I am really, really concerned about this thing. I would say that I have some decent DIY skill at HVAC now for forced air furnaces and garage heaters (I've installed a garage heater, wired and helped gas-plumb it), have done lots of maintenance work on my Goodman 96% 2-stage furnace at my previous house, BUT I have very very little experience with boilers at all, they're pretty foreign to me. I've been doing a TON of reading, video watching and learning and have done my best but I'm not sure what direction to take with this boiler. It's old, 44 YEARS OLD now! Will it fail on me in the middle of a Canadian winter? Winter gets down to -35/-40 degrees Celsius here (-37 F). Will this thing crap out on me in the middle of winter and destroy my pipes and the entire house?

What would you pros recommend? I had a quote from a local shop who had worked on this boiler for the former owner. He 'roughly' quoted me $ CAD ($ US) for a DIRECT-fit natural-draft replacement for a boiler installed, and $ CAD ($ US) for a condensing boiler installed. Could I buy a "similar" modern natural-draft Slant/Fin and install it myself? I have done plumbing with black iron, I'm VERY skilled at electrical and junction boxes/working with BX cable, etc, and have decent experience with HVAC like I wrote. I know I've read posts where you guys caution against a DIY guy doing this himself but I can't afford these INSANE quotes like this, not right now. I figure that I can buy a new boiler for approx $ CAD ($ US). Could I install it and then have a certified TSSA/journeyman come and properly connect the flue to the chimney, setup the gas burner, do tests of the boiler, all the loose-ends and sign off on my work? I feel like that's reasonable.
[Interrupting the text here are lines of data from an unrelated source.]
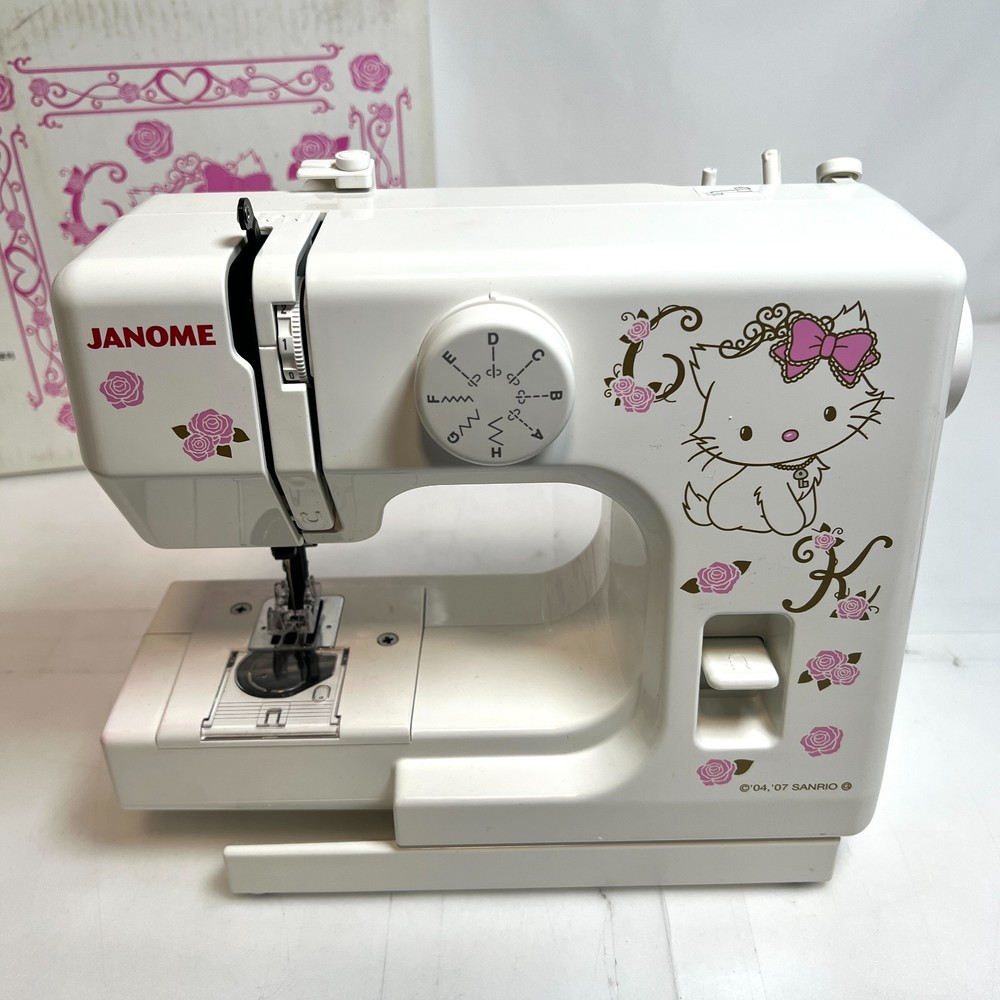 Janome Hello Kitty compact sewing machine YN-777 Operation confirmed Beginner JP
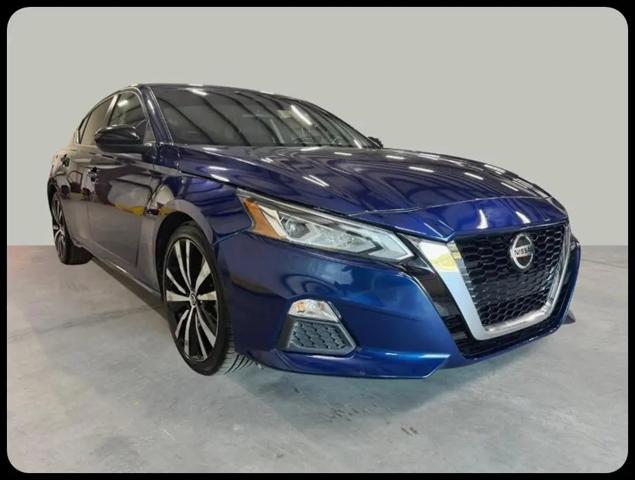 2022 Nissan Altima SR FWD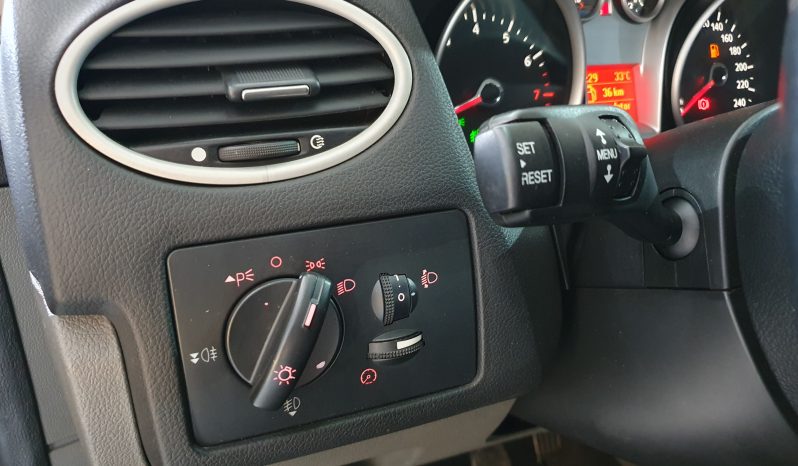 FORD FOCUS SEDAN 1.6 16V MT full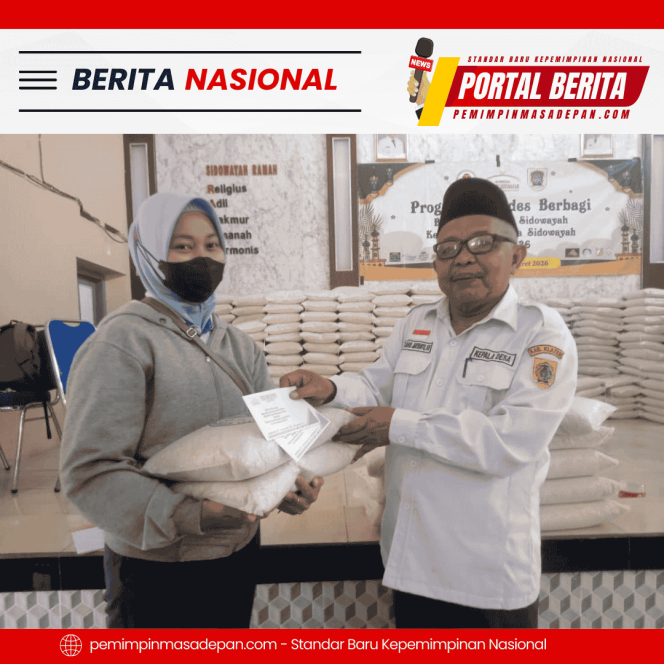 
 Kades Sidowayah serahkan THR berupa uang tunai dan beras kepada warga menjelang lebaran tahun2026 (Foto : Udin).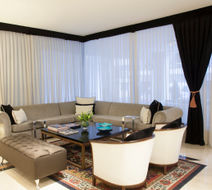 Feir's Park Hotel & Rooftop Lobby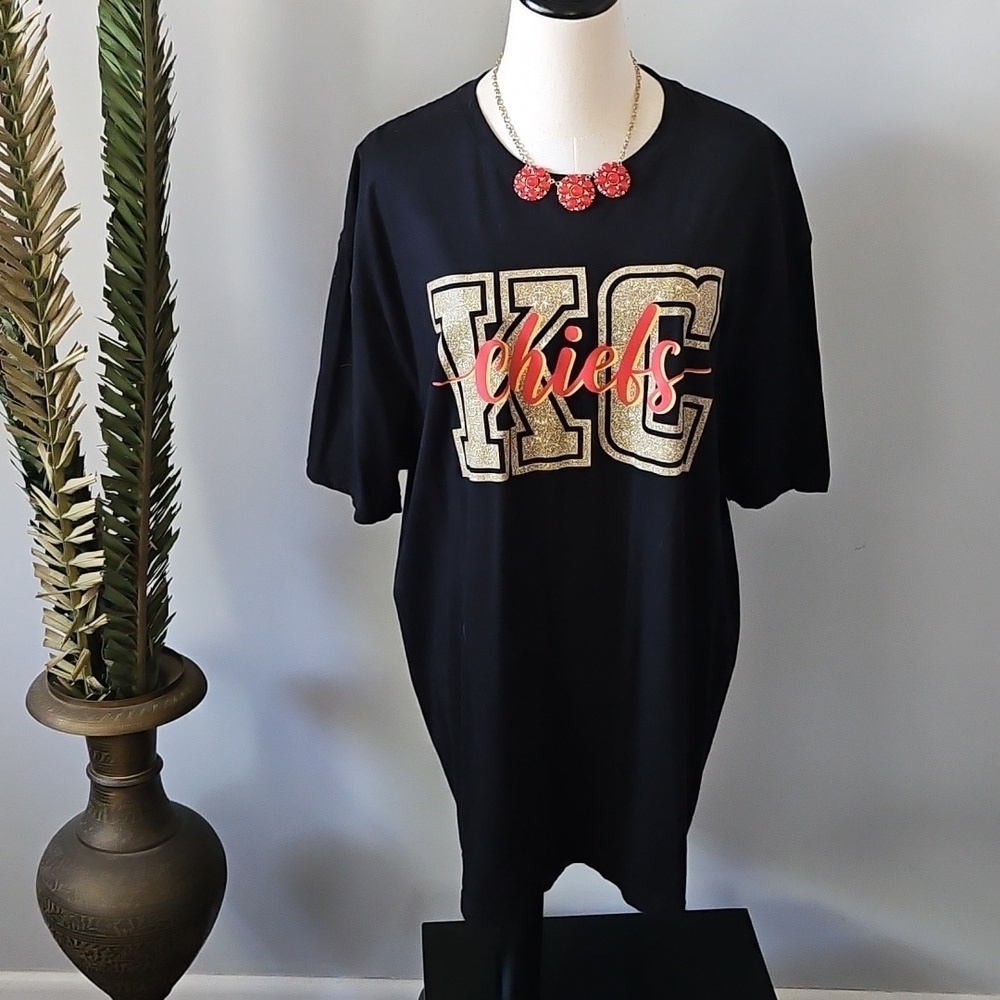 Gildan Black KC Chiefs Short Sleeve Tee with Gold and Red Graphics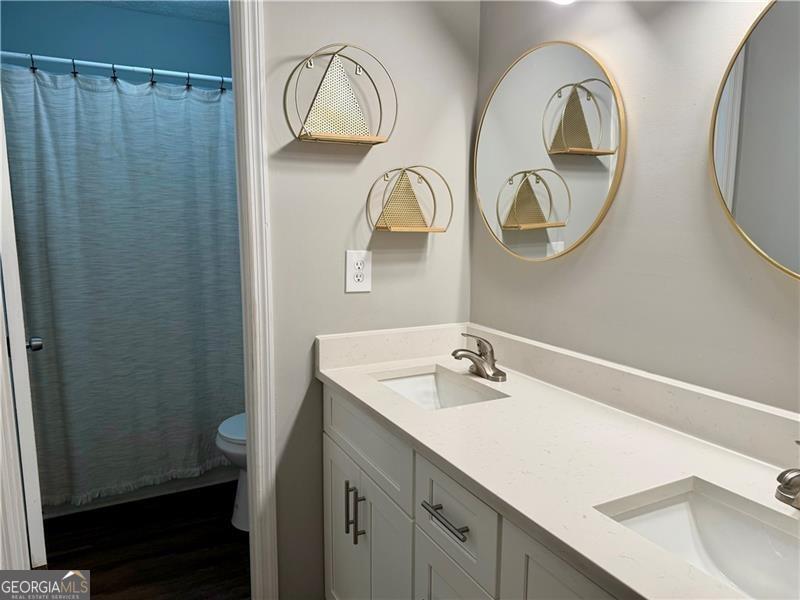 1059 Mariners Drive Property Photo 18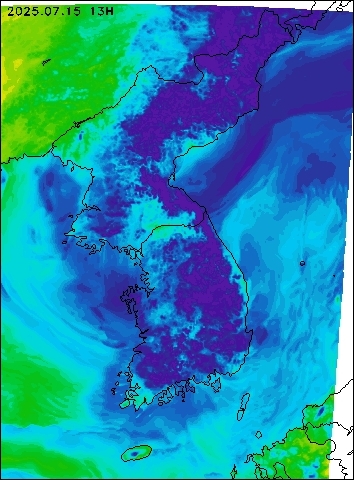 2025-07-15 13 : 00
Thoughts??? Thank you guys in advance. Please help me before the winter hits. I'm unsure about this ancient Slant/Fin.






















Brewbeer

Comments

  • STEVEusaPA
    STEVEusaPA Member Posts: 5,688
    Rules of this site state no pricing is allowed.
    First of all, the quoted prices aren't 'INSANE'. They are fair and what a competent professional would charge (actually they may seem a little low-ish).
    A professional who has taken the time (years/decades) to acquire the proper skills, tools & techniques. Who built a business and has expenses-tools, parts, a number of types of insurance, vehicle(s) with all their expenses, taxes, employees, payroll...you get the gist.
    Can you do it yourself, sure, depending on how much you are allowed to legally do.
    But it can go dangerously wrong, could end up costing you more money to fix it, or worse.
    If you've been reading up as you say you have, and had people come out and tell you it's working fine...then there is problems.
    Your flue pipe is dangerously wrong, specifically the barometric damper (type, how it's attached) and the reduction in flue pipe size from boiler to chimney.
    A total repipe using modern, recommended piping practices and modern components would be the best. Plus a mod-con will require venting thru the wall, and either option requires checking gas pressure and setting up the equipment with a combustion analyzer.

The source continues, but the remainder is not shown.